At around the time food became an issue for us, Lucy had developed her first gastro bug. It was not overly serious but she had a night of vomiting followed by about two weeks of diarrhoea. Not being aware of the RIE approach to mealtimes, I had always fed Lucy as much as I could using distractions such as toys or keys or other objects to keep her attention whilst I spooned in as much as I could. At around the time she was sick, she went off her food almost altogether for a period of time. Concerned that she was not eating enough, I tried everything to get Lucy to eat her meals. I coerced her into taking ‘just one more mouthful’ with pleas of ‘come on darling, you like spaghetti’ and ‘if you eat this pea, you can have some apple puree’. It became a battle of wills fraught with emotions from us both. In her advice to another parent having the same issues with their toddler, Janet Lansbury had this to say, which helped me to see what might have been happening at our dinner table.
“Then something happened. Your guess is as good – or better – than mine: teething, a cold, a change of taste, or just a period of growth when Tessa didn’t have her usual appetite (children go through phases when they eat less). This change in Tessa’s eating caused her parents a teensy weensy bit of concern, her antenna picked up a “vibe” (with a toddler’s sixth sense, it doesn’t take much), and she felt some tension surrounding her and food.
Eating is an area Tessa controls and needs to control. She is the only one who knows when she’s hungry and when she’s full. She has to listen to her tummy and trust herself. Lately, mealtime has become a little too “loaded” for her to be able to listen. She’s not trying to torture you; she’s just feeling her power and playing her role, which is to resist anything she perceives as pressure”.
Having read this and the useful advice which came along with it, I set about turning mealtimes into a stress free activity once again using these 6 steps.

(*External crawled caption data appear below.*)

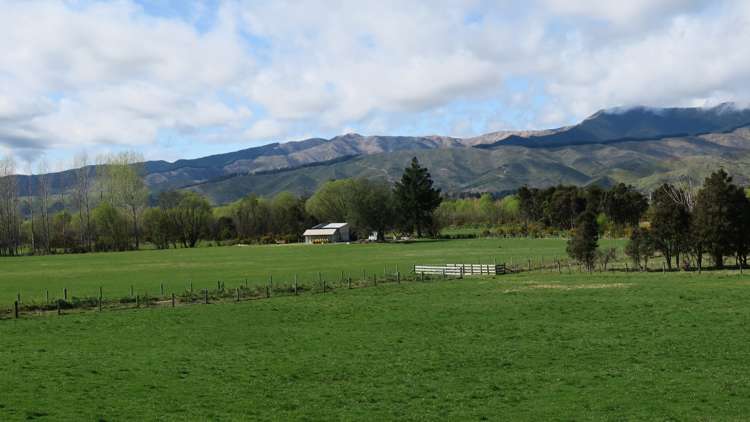 3957 Northbank Road Wairau Valley_40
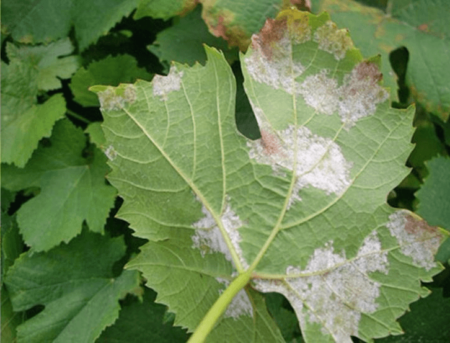 Powdery mildew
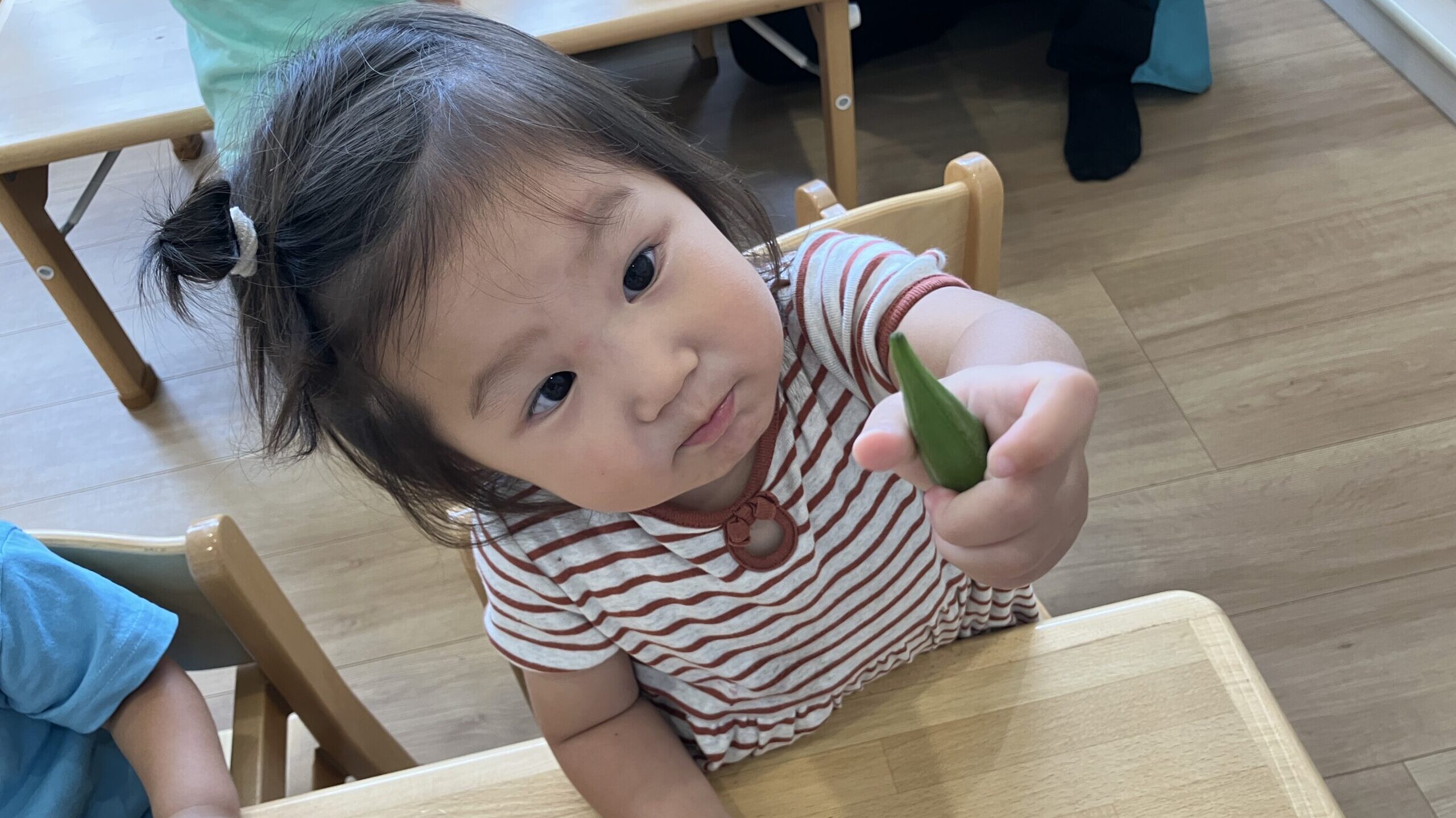毎日の保育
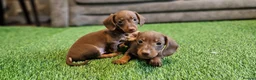 Miniature Dachshund dogs for sale: MINIATURE DACHSHUNDS PUPPIES  - Advert 29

1. Taking the emotion out of the food
By celebrating when Lucy would eat a mouthful or by pleading with her to eat her food, she was learning to associate her food with power. She knew she could control the situation to get reactions out of me. Meal times was not about eating to satisfy hunger anymore but rather, a game, a time to test boundaries. By removing the emotion and simply presenting her with the food, Lucy has now learned that when she eats it is about filling her tummy, not playing. In particular, I am careful with the language I use when she starts to play with her food. If I see her playing, I state very matter of factly “I can see you are playing with your food. Have you finished eating? Would you like me to take your plate to the sink?” She then has the choice to continue eating her food or have me clear her plate. If the playing starts again, I remind her that “I won’t let her play with her food and if she is not hungry anymore, I will take the plate”. Using this, we now rarely have an issue with playing with food. Lucy will still occasionally test this limit but by staying calm and consistent in how we approach it, it never escalates to tantrums by her or anger by us.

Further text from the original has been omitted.